■ REQUIRED ACTION ■
Pictures must not appear in the copy. Restate exactly the lines below from the one with "property at 10 Foxboro Rd" through the one with "Certified 2023 Ford", inclusive.

■ DATA RECORDS ■

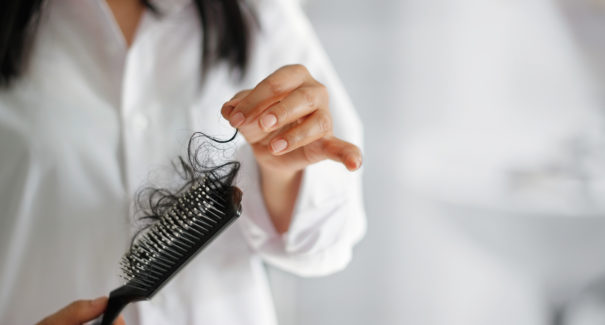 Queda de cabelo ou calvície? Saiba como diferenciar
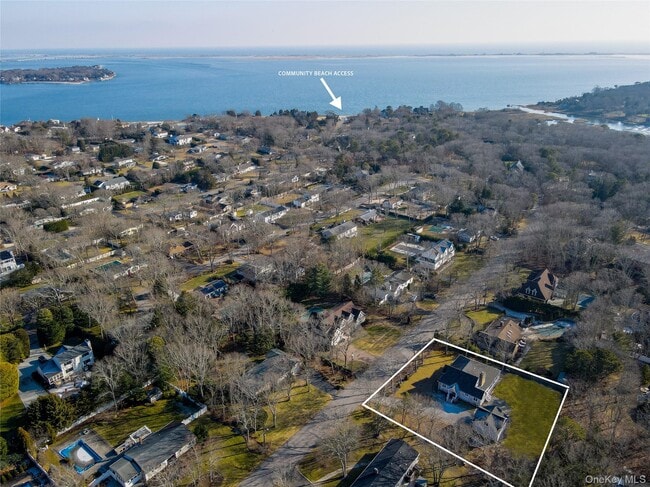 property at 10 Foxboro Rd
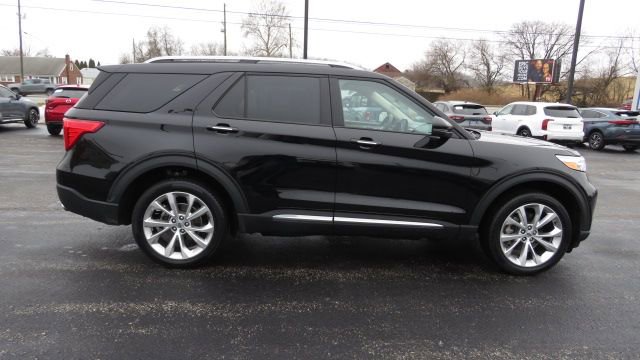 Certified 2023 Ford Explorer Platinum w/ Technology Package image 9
* * *
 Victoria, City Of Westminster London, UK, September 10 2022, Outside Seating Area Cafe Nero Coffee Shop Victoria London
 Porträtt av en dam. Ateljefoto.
* * *
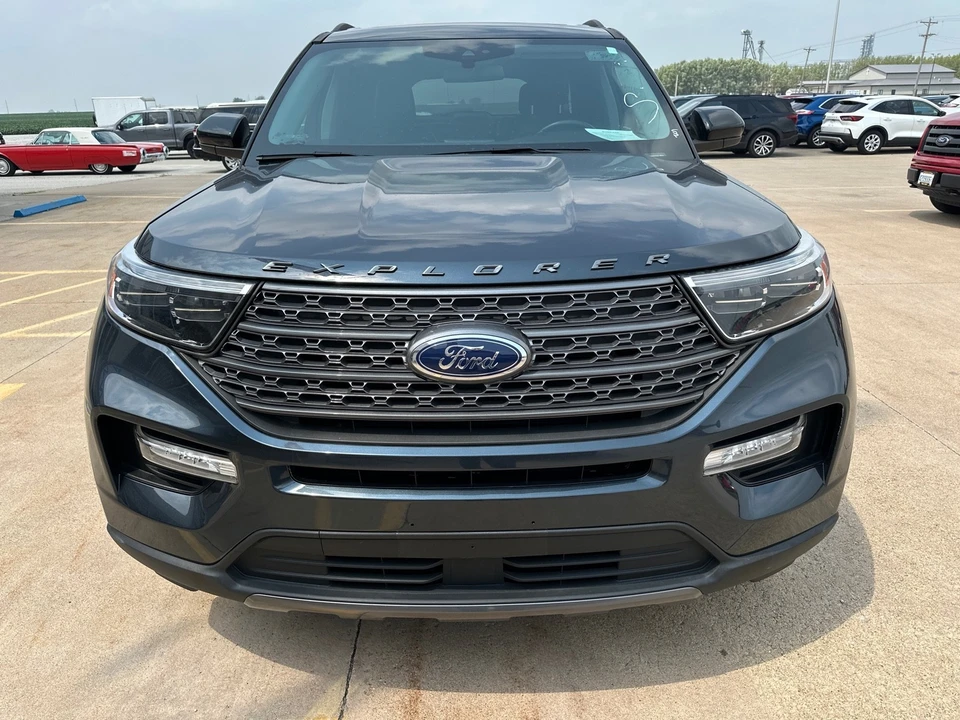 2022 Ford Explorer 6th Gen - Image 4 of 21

■ OUTPUT BELOW ■
 property at 10 Foxboro Rd
 Certified 2023 Ford Explorer Platinum w/ Technology Package image 9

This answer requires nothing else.